Ganden: A Joyful Land directed by Ngawang Choephel
Ganden: A Joyful Land directed by Ngawang Choephel

Ganden: A Joyful Land directed by Sundance Jury Award Winner ,Ngawang Choephel, and with Creative Consultant – Singer Annie Lennox, will have its World Premiere at DOC NYC on Tuesday November 12th.

Ngawang’s prior film, Tibet in Song, won the 2009 Special Jury prize for World Cinema at the Sundance Film Festival, making Ngawang the first Tibetan to win a Sundance award,

Ganden: A Joyful Land is the story of the last remaining generation of Tibetan Buddhist monks to have studied at the renowned Ganden monastery in Tibet. High in the mountains near Lhasa, Ganden was a city unto itself, home to nearly half a million of Tibetan Buddhist scholars, as well as the founding lineage of the Gelug tradition–that of His Holiness the Dalai Lama.

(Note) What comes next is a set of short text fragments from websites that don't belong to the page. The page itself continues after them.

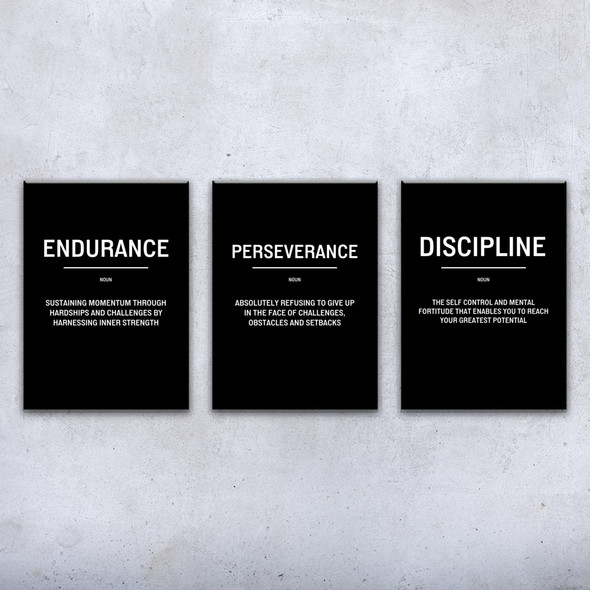 Endurance Motivational Prints Set of 3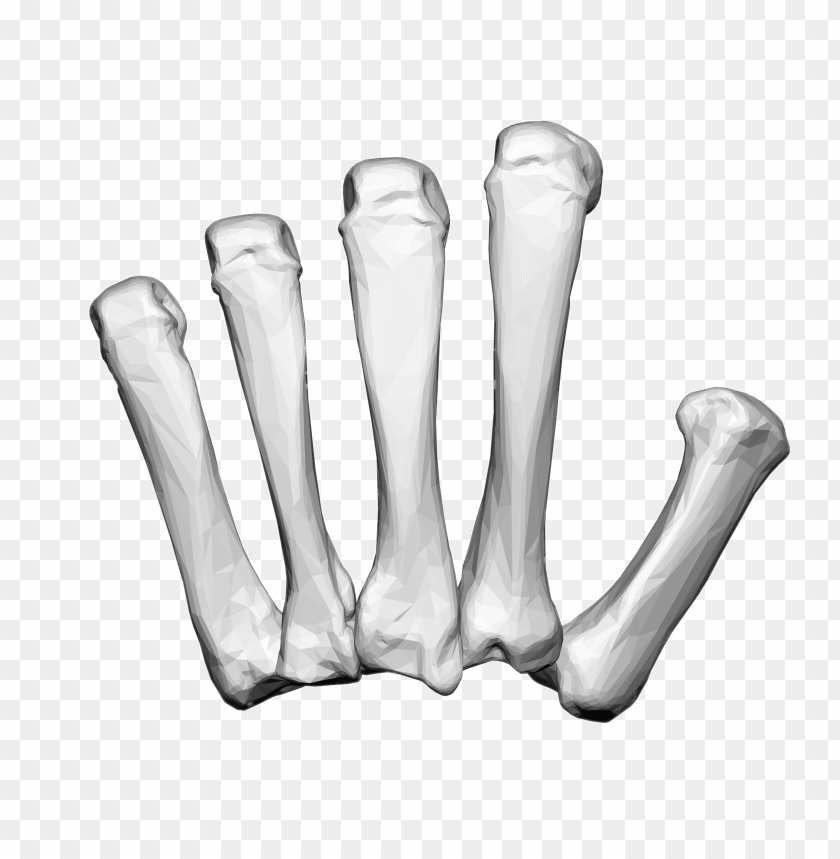 people, bones of the body, left hand carpal bones, 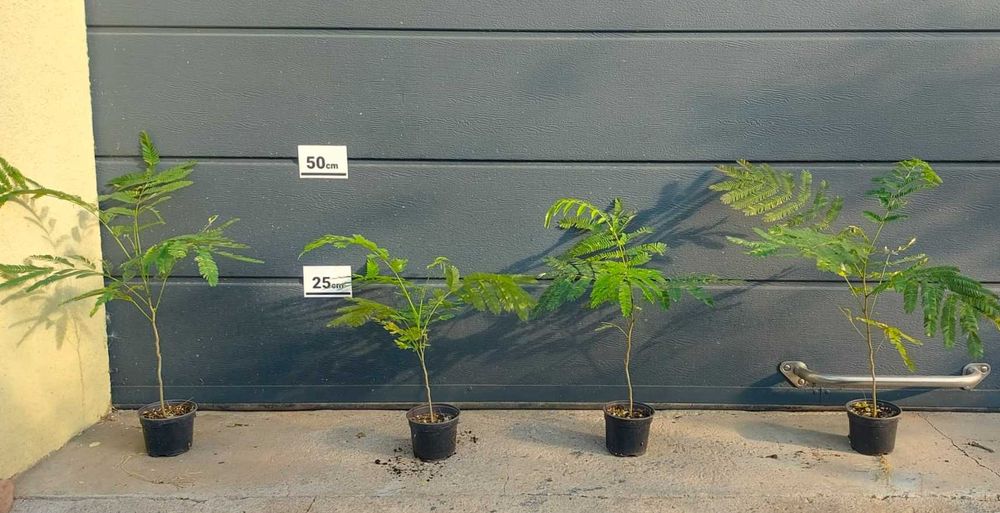 Arbore de Matase / Mimosa / Albizia Julibrissin la ghiveci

The Chinese invasion of Tibet would threaten the hundreds of years of tradition at Ganden. Hoping that if they left the monastic city empty, the Chinese army might spare it, the monks set out at night and on foot to seek safety across the Himalayas into India. This hope was not realized–the Chinese Army destroyed the ancient city shortly afterward–but survival can take many forms.

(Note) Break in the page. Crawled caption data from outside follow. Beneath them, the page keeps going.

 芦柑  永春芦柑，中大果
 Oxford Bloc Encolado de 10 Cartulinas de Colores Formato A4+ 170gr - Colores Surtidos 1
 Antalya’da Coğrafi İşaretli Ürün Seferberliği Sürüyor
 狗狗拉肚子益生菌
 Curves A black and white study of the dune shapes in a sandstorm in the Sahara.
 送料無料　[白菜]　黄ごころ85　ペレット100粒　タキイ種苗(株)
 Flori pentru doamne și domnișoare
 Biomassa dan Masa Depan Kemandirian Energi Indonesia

They have always been at the heart of the Tibetan refugee community where Ngawang grew up in southern India, as well as the founders of a rebuilt Ganden monastery that they struggled for decades to create, so that the teachings would not be lost. It has been Ngawang’s honor to spend the last several years with them, documenting their story. Though their numbers are slowly diminishing, these elders remain a vital link between the past and the future of Tibetan Buddhism.

Director Ngawang Choephel is an award-winning filmmaker and writer. A graduate of the Tibetan Institute of Performing Arts in Dharamsala, he taught music in India before winning a Fulbright Scholarship to study international music and filmmaking at Middlebury College in the United States. He is a recipient of Middlebury College’s Honorary Doctor of Arts Degree, Peace Abbey’s Courage of Conscience Award, and Lobsang Wangyal’s Best Act in Exile Award, and is a Sundance Institute Fellow.

While filming his documentary “Tibet in Song”, Ngawang was arrested by Chinese authorities and accused of espionage, for which he was sentenced to 18 years in prison. International pressure secured his early release in 2002, and he resumed work on his film. “Tibet in Song” premiered at the Sundance Film Festival in 2009 where it won the Special Jury Award in the World Documentary Competition. Ngawang received international acclaim and numerous awards for his film, including the CINE Golden Eagle Award; Emerging Director Award, AAIFF; Best Documentary, Calgary International Film Festival; Cinema for Peace International Human Rights Award, Berlin; Best Documentary, San Louis Obispo International Film Festival; Special Jury Mention, One World International Film Festival Prague; Audience Award, Watch Docs International Human Rights Film Festival; Special Jury Mention, Watch Docs International Human Rights Film Festival; and Audience Award, Movies that Matter, the Hague.

Now living in the United States, Ngawang continues to be a high-profile member of the exiled Tibetan community.